Dr. Grant Norton, professor in the School of Mechanical and Materials Engineering is leading researchers at Washington State University in developing a nanoneedle tin (Sn) anode material formed as “Tin Whiskers” for Lithium-ion batteries.
Elemental Sn is an attractive high-performance anode material because of its high theoretical specific capacity (992 mAh g-1) and high operating voltage along with the absence of solvent absorption.
Electrical engineers have been trying to minimize the problem of tin whiskers for over 60 years. The tiny needle-like structures growing on tin-plated electronics get up to ten millimeters long, and can cause short circuits.
Norton and postdoctoral researcher Uttara Sahaym were originally trying to mitigate tin whiskers, when they realized that they could actually be useful. The nanoneedles (or “whiskers”) used for the tin anode were grown directly on copper foil, using a standard electroplating process that’s commonly used in industry. This report suggests that the tin anode would be considerably cheaper to produce than traditional graphite anodes.

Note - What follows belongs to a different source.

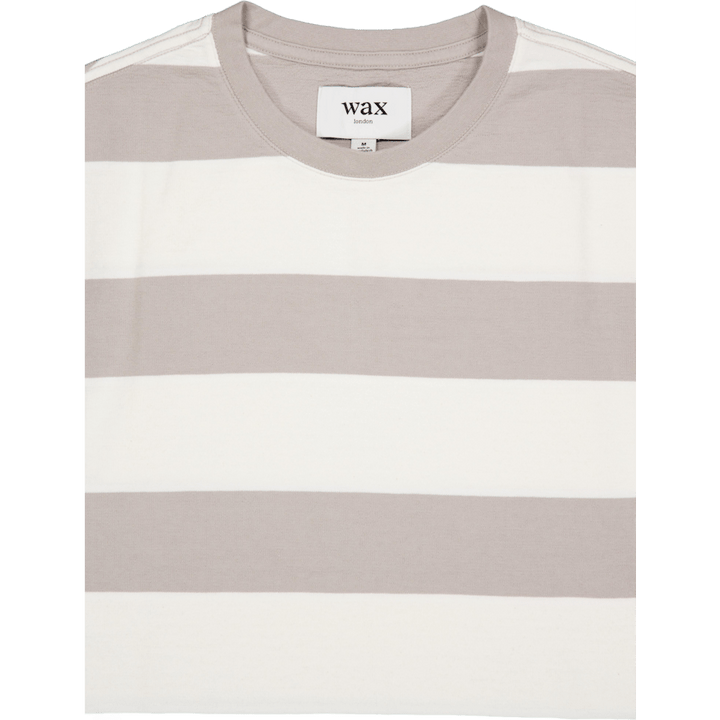 Dean Ss Tee Clay / Ecru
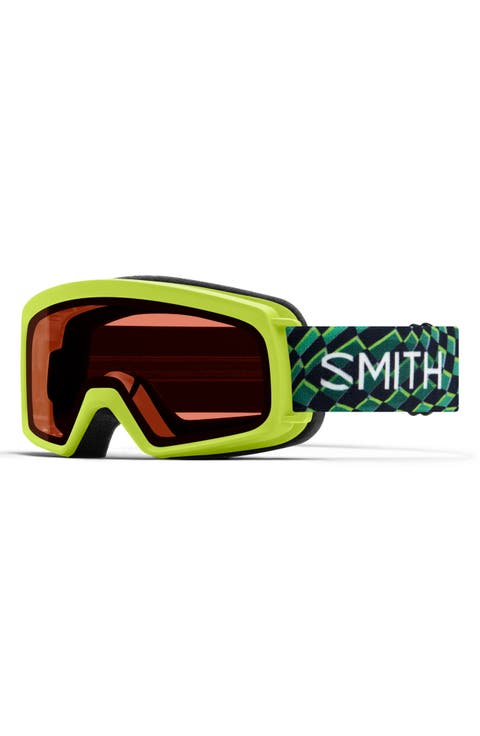 Kids' Rascal Snow Goggles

Norton and his team have reversed the problem into an opportunity. By gaining control of the whiskers growth the research has led to the creation of a tin battery anode, which Norton claims could triple the capacity of lithium-ion batteries. The claim is based on lab tests that also show the tin anode offers almost triple the energy storage capacity as its graphite counterparts. That is thanks to the plentiful surface area of the whiskers, which provides a ‘roost’ for a larger number of lithium ions.
Additionally, batteries incorporating the tin anode could recharge more quickly and many more times than existing lithium-ions batteries.

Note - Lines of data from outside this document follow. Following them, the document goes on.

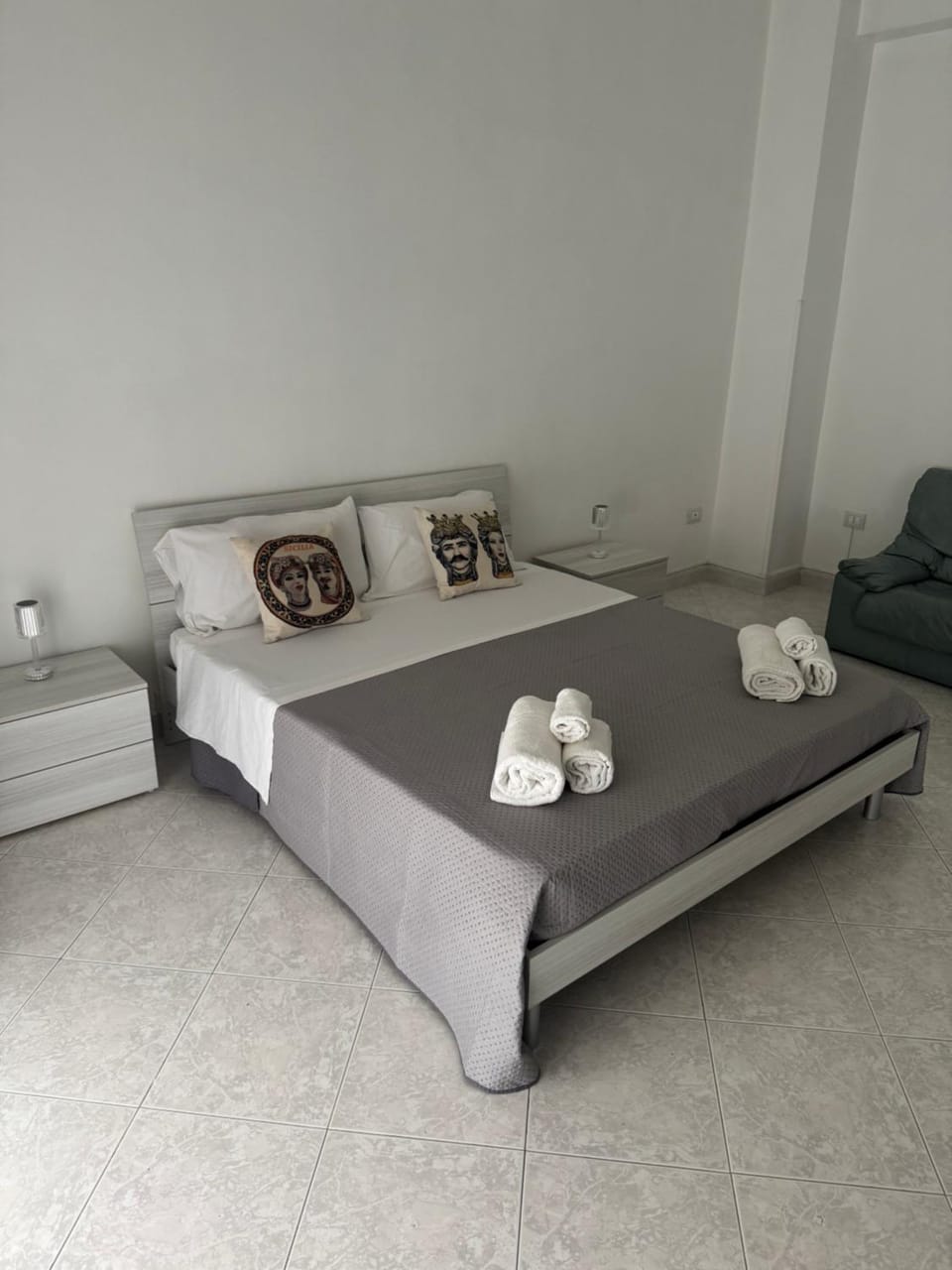 Bed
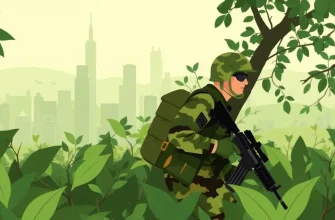 Top 10 Military Films on Camouflage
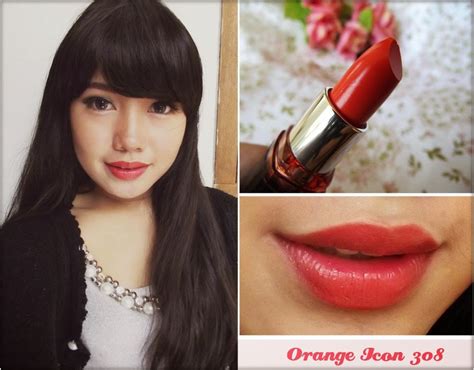 Beauty Blogger Indonesia by Lee Via Han: REVIEW : Maybelline Color Show Lipstick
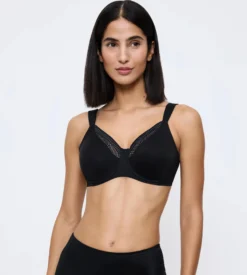 SHAPING IMPRESSIONS Minimizer bra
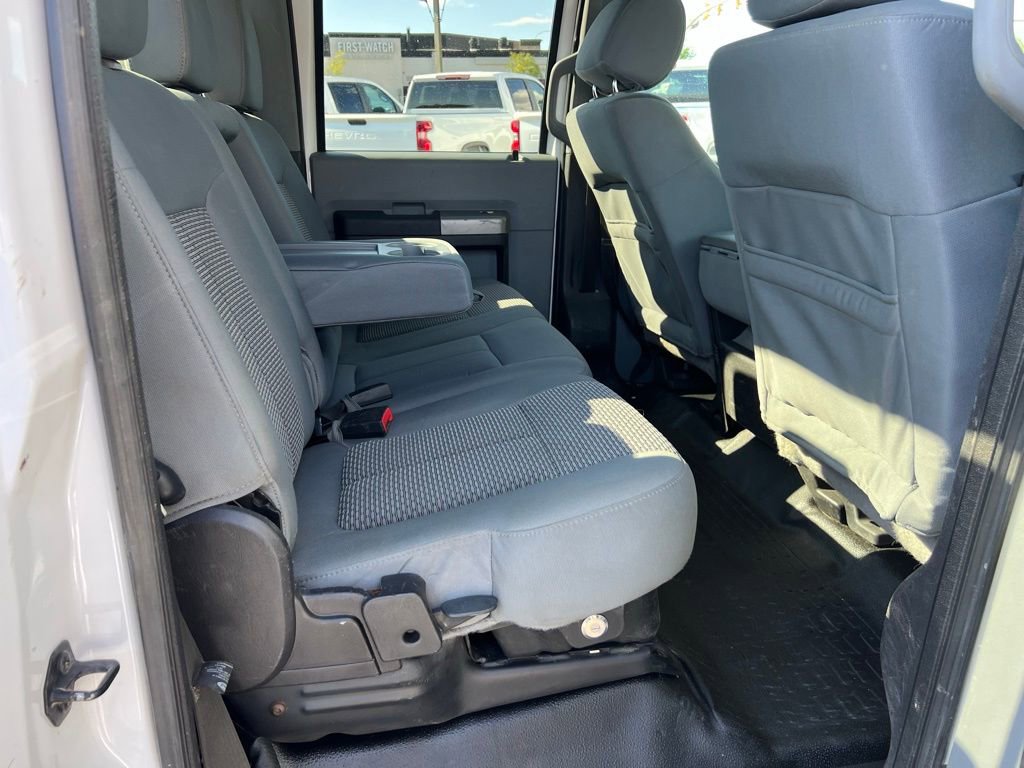Used 2015 Ford F350 XLT AWD/4WD image 22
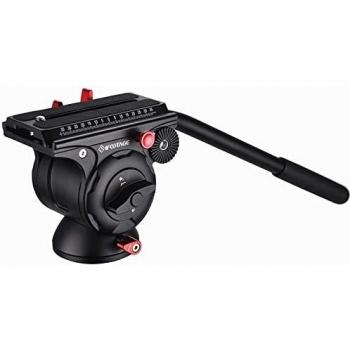 IFOOTAGE Videokopf mit Wasserwaage Komodo K5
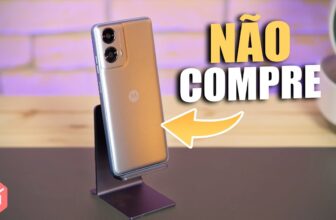 Celulares da Motorola que Não Recomendamos em 2025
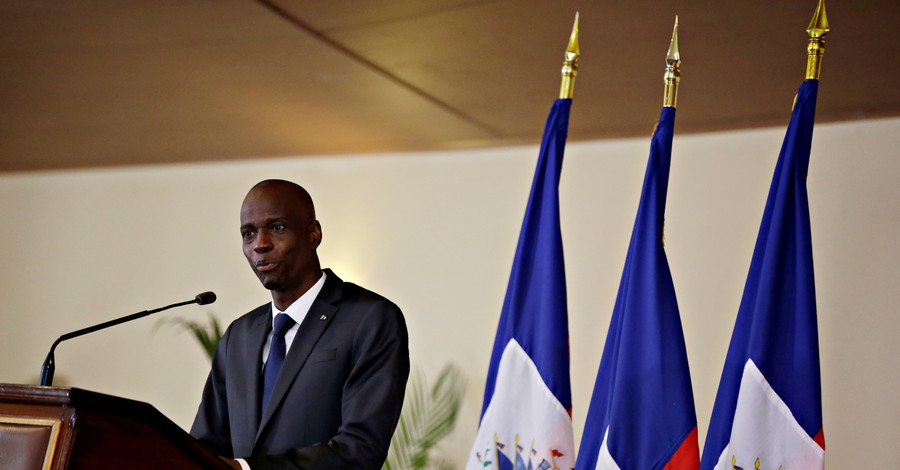 Убийство президента Гаити: арестован главный подозреваемый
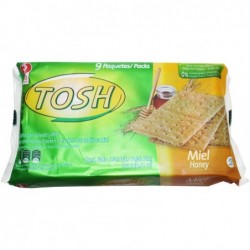 GALLETAS TOSH NOEL MIEL...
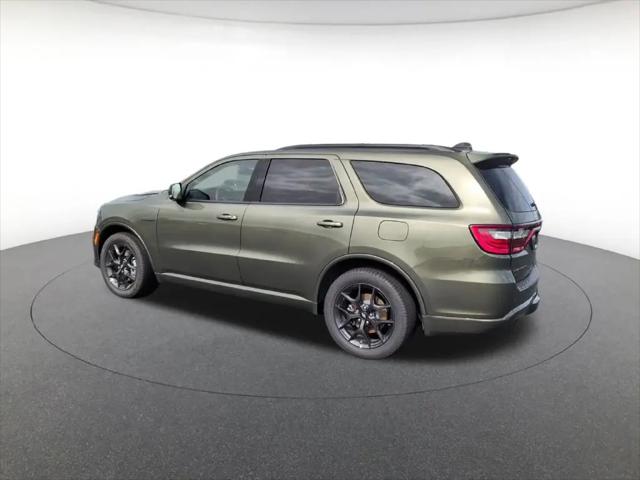 2027 Dodge Durango GT Plus HEMI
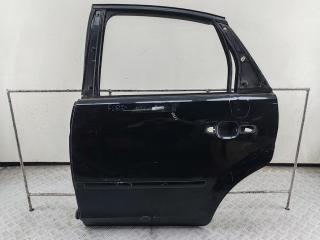 дверь сдвижная Ford Focus II 2007, чёрный, хетчбэк 5 дв.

There are problems in other tin based anodes. Similar to silicon, tin experiences huge volumetric expansion and shrinkage on cycling, causing severe mechanical disintegration (such as cracking and pulverization) and thus shortened cycle life. A number of research groups are working on methods to prevent such life-limiting mechanical problems, such as the use of tin nanopillars layered between graphene sheets.
It is yet to be seen if the whisker anodes grown directly on copper foil avoid the expansion and shrinkage on cycling.
Norton and his colleagues are now in the process of building and testing batteries using their new anode. They have filed patents on the technology, and hope to have it commercialized within a year. Batteries incorporating the tin anode should be no different in shape or size than traditional batteries, so compatibility with devices shouldn’t be a problem.
It would be great if the adaptation of a naturally occurring problem would be a big improvement to a leading technology.